Arbeit am Absoluten

Mit „Die Arbeiter des Meeres“ vollendete Victor Hugo eine ansonsten aus „Der Glöckner von Notre-Dame“ und „Die Elenden“ bestehende Romantrilogie über die „drei Mächte, mit denen der Mensch zu ringen hat“: Religion, Gesellschaft, Natur. Nun gibt es den Roman in einer neuen deutschen Übersetzung

VON KATRIN BETTINA MÜLLER

Vom Flüssigen und seinen Transformationen handelt dieses Buch: vom Meer, von Wind und Sturm, von Wolken und Unwettern. Wer den romantischen Schauer vor dem Erhabenen schätzt, wer die Auflösung des Menschen ins Unbedeutende vor der Unendlichkeit nicht scheut und es gar liebt, wenn dem Wuchern der Metaphern und der philosophischen Spekulation Tür und Tor sperrangelweit geöffnet werden, der wird bei der Lektüre von Victor Hugos Roman „Die Arbeiter des Meeres“ bestimmt auf seine Kosten kommen. Wer dagegen die Geschichte einer Liebe lesen will, die auf Seite zwei des Romans zwar eingeleitet, dann aber über hunderte von Seiten verzögert wird, kann diesen Autor mit seinen sprunghaften Anwandlungen nur verdammen. Wer auf Abenteuer steht, auf Geschichten von wagemutigen Unternehmern in der Zeit der ersten Dampfmaschinen, auf Schmuggler- und Gespenstergeschichten, auf Intrigen und Betrügereien, die auf lange Sicht doch entdeckt und bestraft werden, der findet zwar genügend Stoff für Spannung, der allerdings wie kleine Inseln vom hauptsächlichen Element des Romans umgeben ist: großartige Naturbeschreibungen einer kargen Landschaft, die vor allem aus Wasser, aus Wasser und Klippen und nochmals aus Wasser und Abgründen besteht.

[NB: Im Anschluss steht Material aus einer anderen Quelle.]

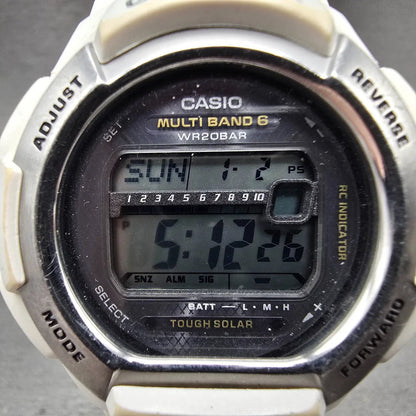 Casio G-Shock GW-M850 Watch Men 42mm White Alarm Chronograph Digital Solar RunsL1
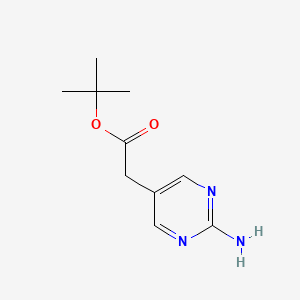 Tert-butyl (2-aminopyrimidin-5-yl)acetate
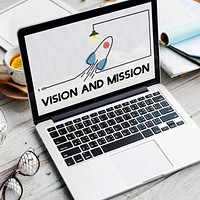 Vision Mission Planning Business Strategy Plan Concept
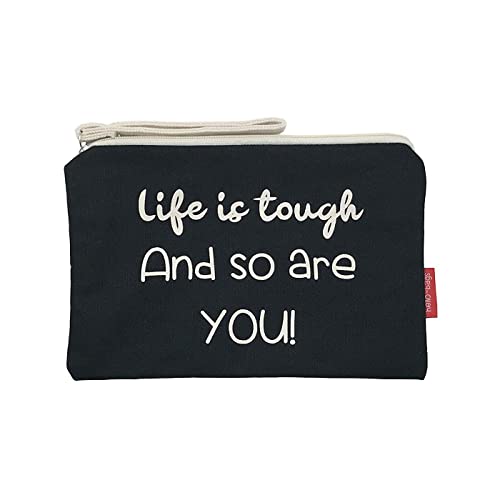 Econanos Hellobags2019 płócienna i plażowa torba na zakupy, 23 cm, czarna (NEGRO)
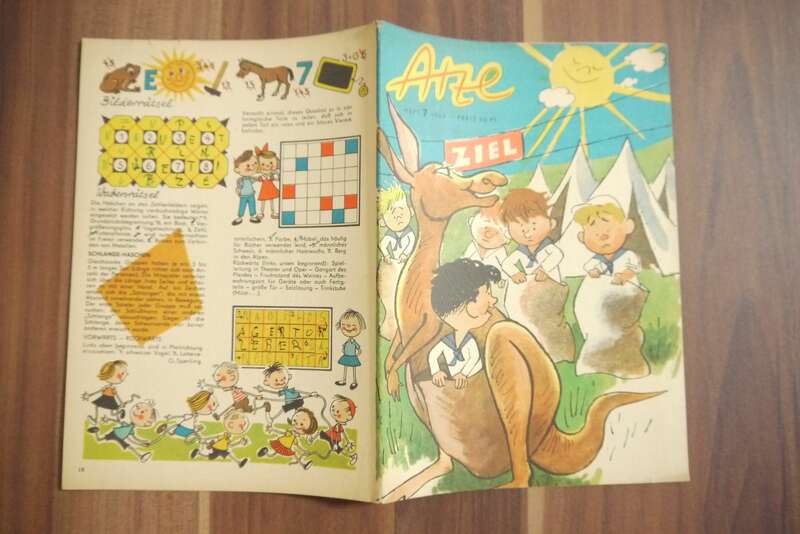 Atze Ziel 1964 Heft 7 Benno und der kluge Einfall DDR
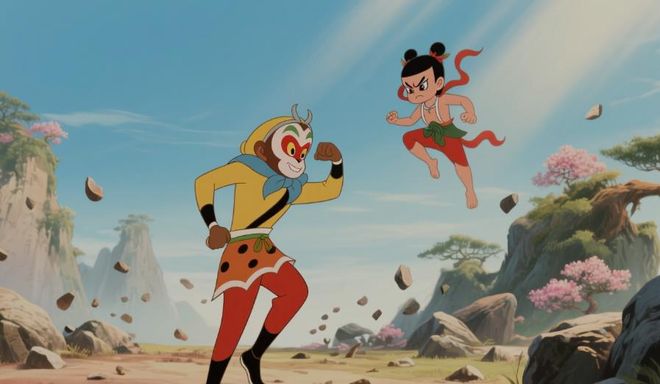 经典回放：动画《大闹天宫》《哪吒闹海》的美术成就与影响力九游娱乐(图1)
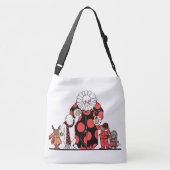 clown en vrienden nemen hun boog af crossbody tas (Achterkant)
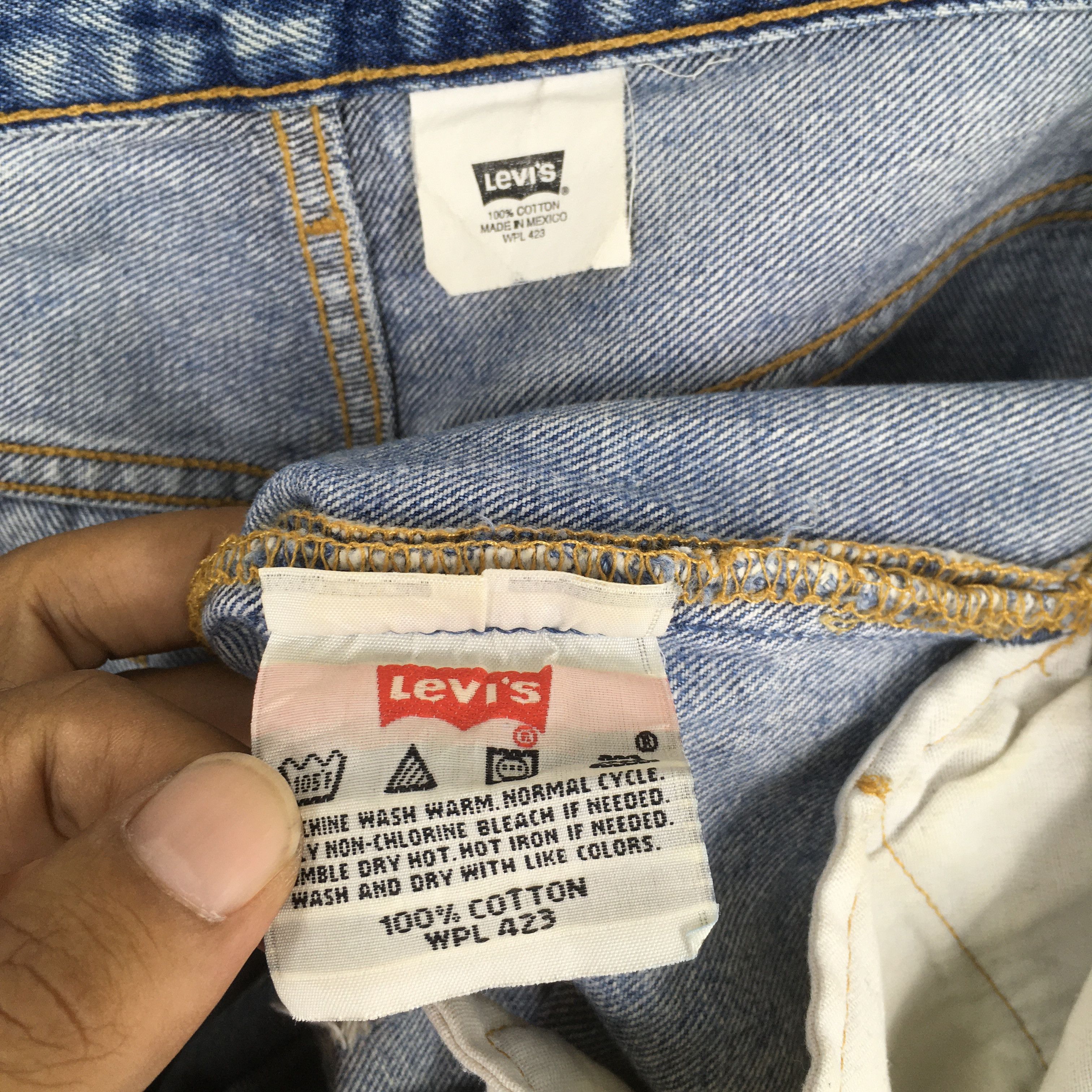 Levi's Size 33x29 Vintage 90s Levi's 501 Distressed Jeans S1351 Size US 33 - 12 Thumbnail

Die Sprache ist das zweite flüssige Element des Buches, ein formbarer Stoff, den der Autor virtuos der Dynamik der Natur anzupassen sucht, die er beschreibt. Die unendliche Ausdehnung der Wasserwüsten, die Kraft der Wellen, das Brechen der Energie des Meeres an den Klippen: Nicht nur der Rhythmus der Wörter und Sätze formt diesen Kräften analoge Bewegungen nach, sondern auch der Wechsel der erzählerischen Perspektiven, die weite Ausdehnung in der Totalen, die Verengung in den Naheinstellungen, ein Ein- und Ausatmen des Stroms aus Worten.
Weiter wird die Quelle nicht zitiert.